Wednesday, February 16, 2011

Deere (DE) Continues to Benefit from Agricultural Bull Market

Agricultural equipment bellweather Deere (DE) posted earnings this morning of $1.20 versus the expectation of $0.99 as the secular bull market in this sector continues.  (Full report here) The stock is up some 50% since the QE2 rally began in Jackson Hole, Wyoming and currently sports a quite rich adjusted* forward PE of 16.5x the year end estimate of fiscal 2011 (October 2011).

*$5.49 estimate + $0.21 beat from this quarter added to create $5.70.

We'll have to see continued substantial beats to keep the valuation anywhere near historical norms, if the stock continues its 'bulletproof' rally.  Indeed, the chart of Deere is almost a carbon copy of the S&P 500 the past half year, except it has advanced at an accelerated pace.

One area of concern go forward is commodity inflation - especially steel and plastics - which served to hurt margins in 2008. [May 14, 2008: Deere Earnings - Why I'm Avoiding Equipment Stocks]  Thus far price increases to alleviate such issues have been muted - about 2%.  An area to keep an eye out on.

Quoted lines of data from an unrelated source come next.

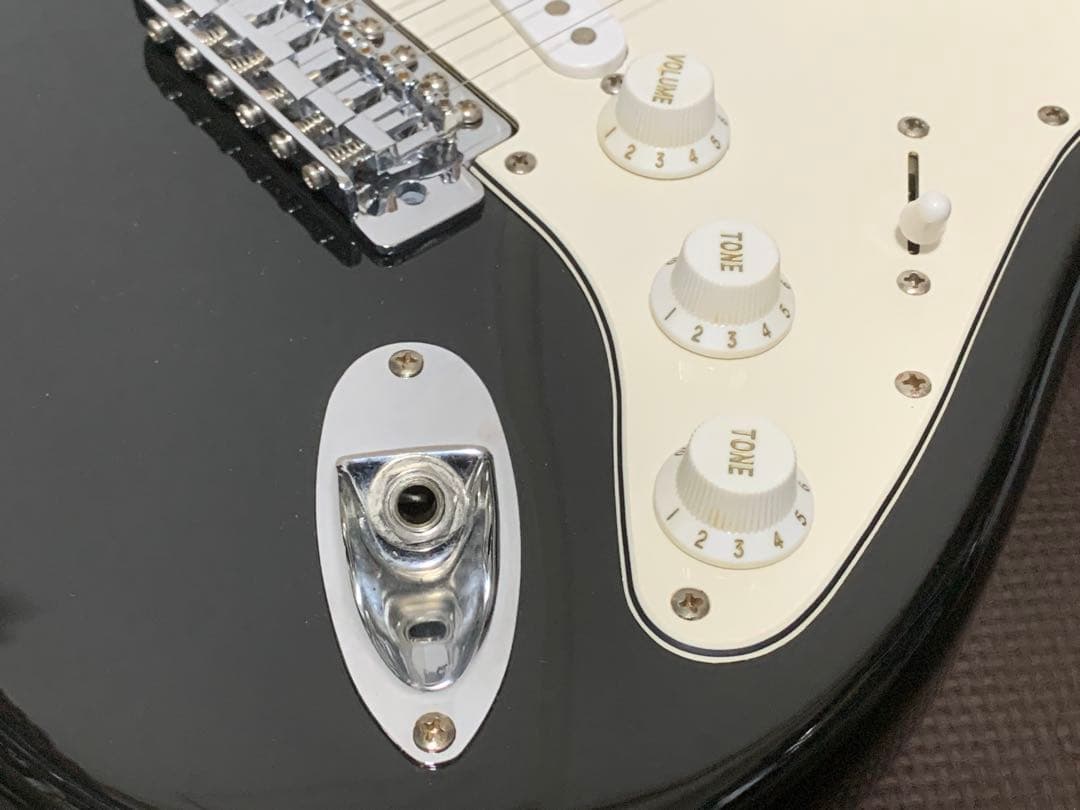 Legend レジェンド ストラトキャスター タイプ ストラト LST メイプル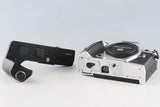 Olympus OM System OM-5 Mirrorless Digital Camera #64001E4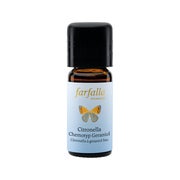Farfalla Citronella bio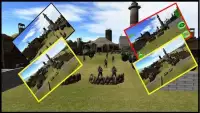 IGI Advance Sniper Shooter Mission War Carnival Screen Shot 6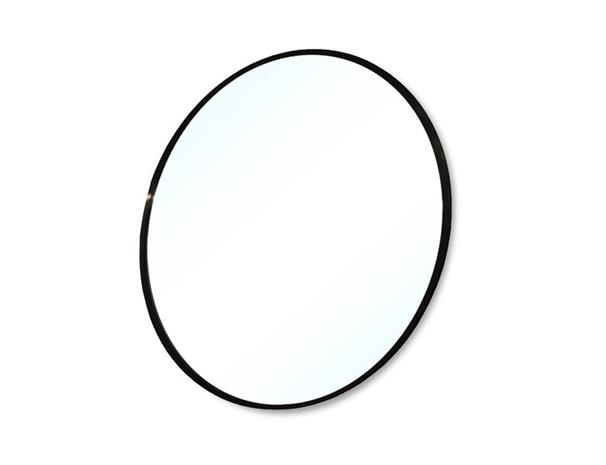 Peili Grace, 100 cm, musta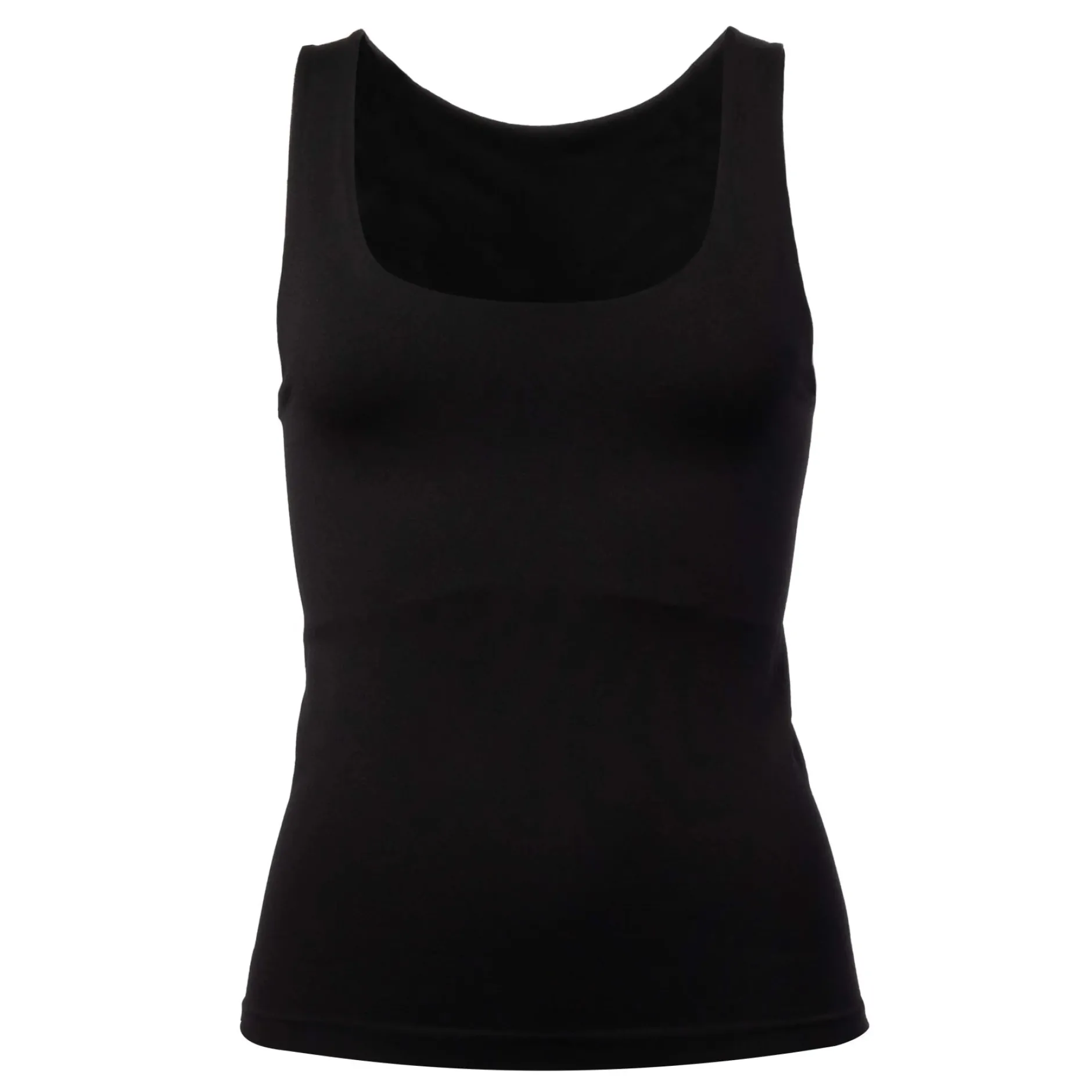 liberte__ninna_tanktop_bl_0.webp Clearance Liberte 21472 Ninna tanktop Seamless Wear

That said, since our multinationals have yet to figure out how to outsource Nebraska, Iowa (or indeed Saskatchewan) this is one of those rare stories where North American growth is surpassing Asian growth.
  • Equipment net sales in the United States and Canada increased 35 percent for the quarter. Outside the U.S. and Canada, net sales were up 22 percent for the quarter, with an unfavorable currency-translation effect of 1 percent.

Via Reuters:

  • Farm equipment maker Deere & Co reported a doubling of quarterly profit on Wednesday amid strong North American sales of large, high-margin machines and price increases, and lifted its full-year profit forecast.
  • The world's largest maker of tractors and combines earned $513 million, or $1.20 per share, in the first quarter that ended Jan. 31, compared with $243.2 million, or 57 cents per share a year earlier.Deere said it expected a full-year profit of $2.5 billion. Its November forecast called for a 2011 profit of $2.1 billion.  
  • Revenue rose 27 percent to $6.12 billion, ahead of Wall Street forecasts for sales of $5.67 billion. 
  • Sales of large farm machinery, particularly in the United States and Canada, are continuing to make a major impact, while construction equipment shipments are experiencing some degree of recovery, Allen noted. "Our record first-quarter performance is especially gratifying in light of market conditions that remain below normal levels in certain key sectors."